Proud to be Omani


November 21, 2013

Last year at around this time, in the privacy of my room and under the light of my study lamp, I wrote a letter that was never mailed.

In this article, I include a bit of what I wrote that night.

“To the man who stole 3mn hearts, I always spoke of how I wish to meet you for at least five minutes. I have so many questions, enquiries and topics to ask and discuss with you. How did you do it? What were your biggest struggles? Do you know that with everything you accomplished you have set a high standard to what achieving means? Do you realise the amount of pride you have allowed us to take upon raising our red, green and white flag? Do you have any idea how proud I am as an Omani studying abroad to state the many qualities of Oman and our leader to those foreigners who know very little of how great our Oman has become?

“Perhaps I can’t get my five minutes of interview, but let it be known that you have made it a duty for all Omanis to continue what you have started so passionately. You made it my duty to make everyone fall in love with the vibrant country, I so proudly call my own. The values, morals and advice you have presented throughout the past half a century, changed not only a country, but the people in it as well.

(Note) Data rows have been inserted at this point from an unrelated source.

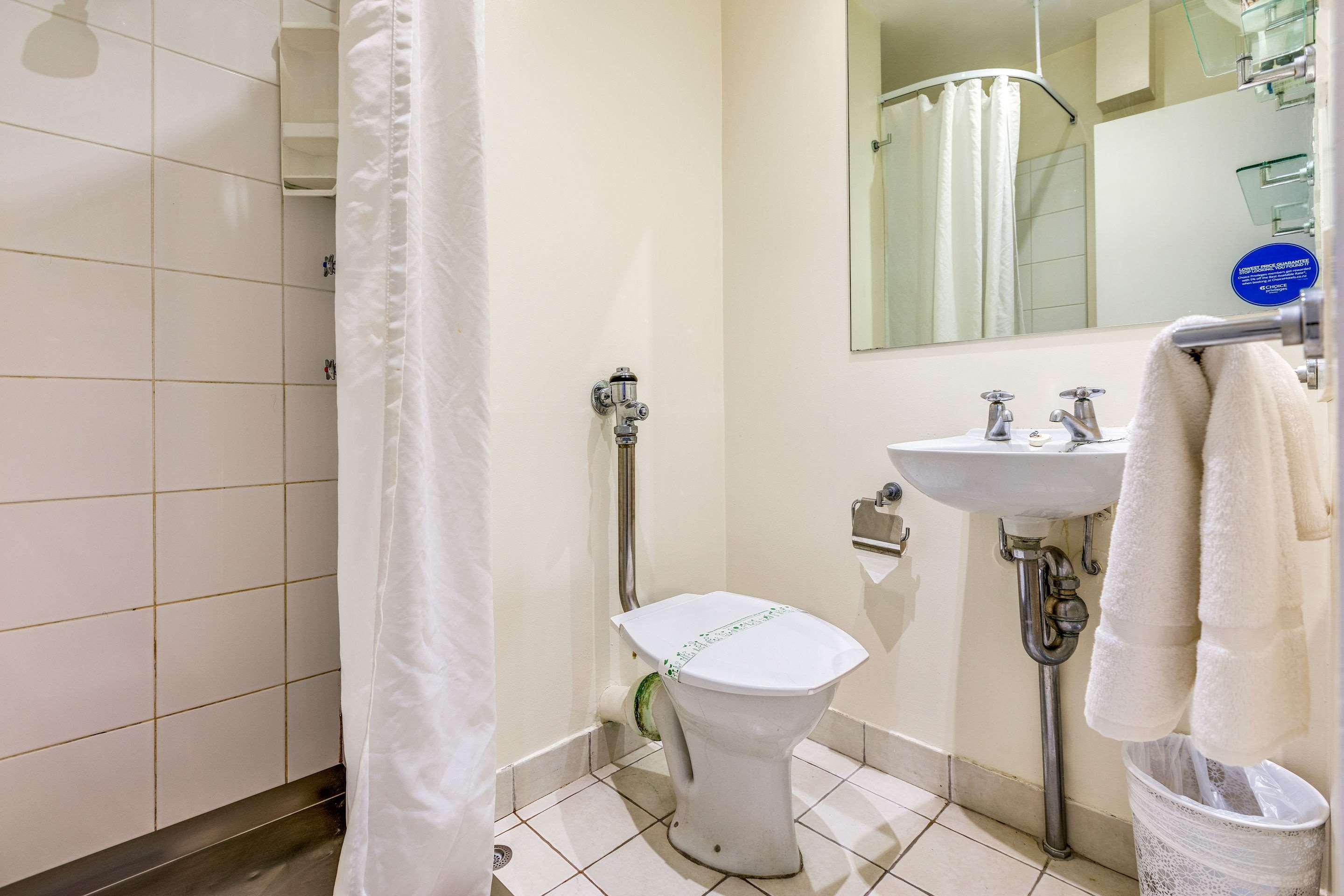 Econo Hotel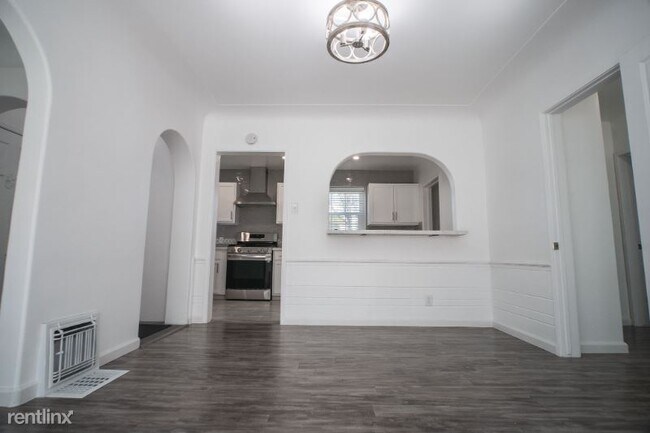 Building Photo - 2 br, 1 bath House - 1600 La Golondrina Ave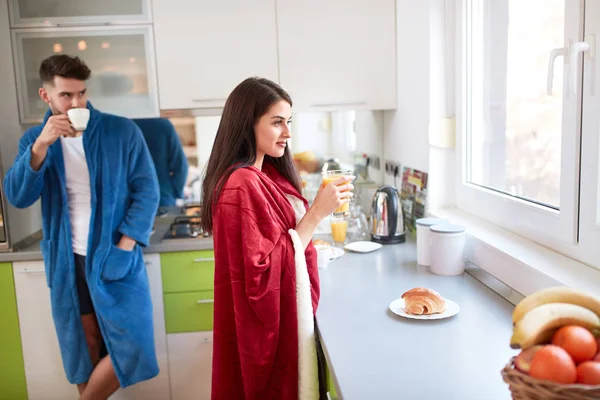 Jovem Marido Com Esposa Manhã Cozinha — Fotografia de Stock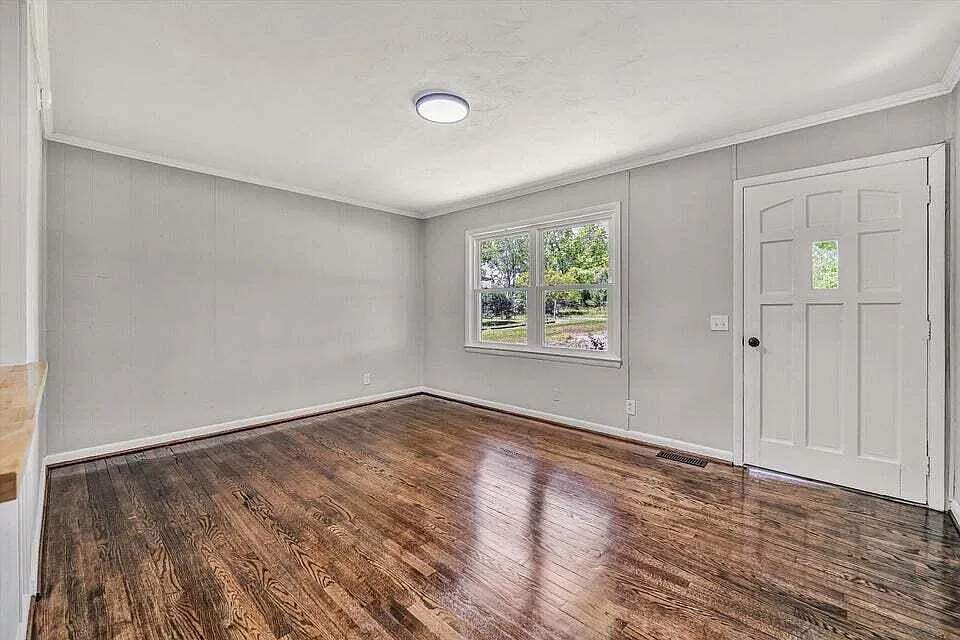 4 bed, 2.0 bath, 1368 sqft, $1,795 — Photo 4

Do I still wish to meet you? Yes. But if I don’t, I’ll be content knowing that I have come to realise the prominent role you took, hence try my best to continue towards the vision you have in mind.”
On that night, and between the words of that letter were also promises from myself to become a better citizen. And by no longer expecting the country to provide everything for me, I decided to become a candle to my country rather than ashes.

And in saying so, I would like to direct my article to every single Omani in regard to this amazing day when we all joined voices and our pulses to a lovely chant of peace and gratitude. I have been watching the many pictures and videos of the celebrations going on in many parts of Oman, and while I wished deeply to be within my land and with my people, I also felt a growing sense of dread as I saw the inappropriate ways that were used as means to celebrate our National Day, a day that should be celebrated with achievements, traditions and common culture.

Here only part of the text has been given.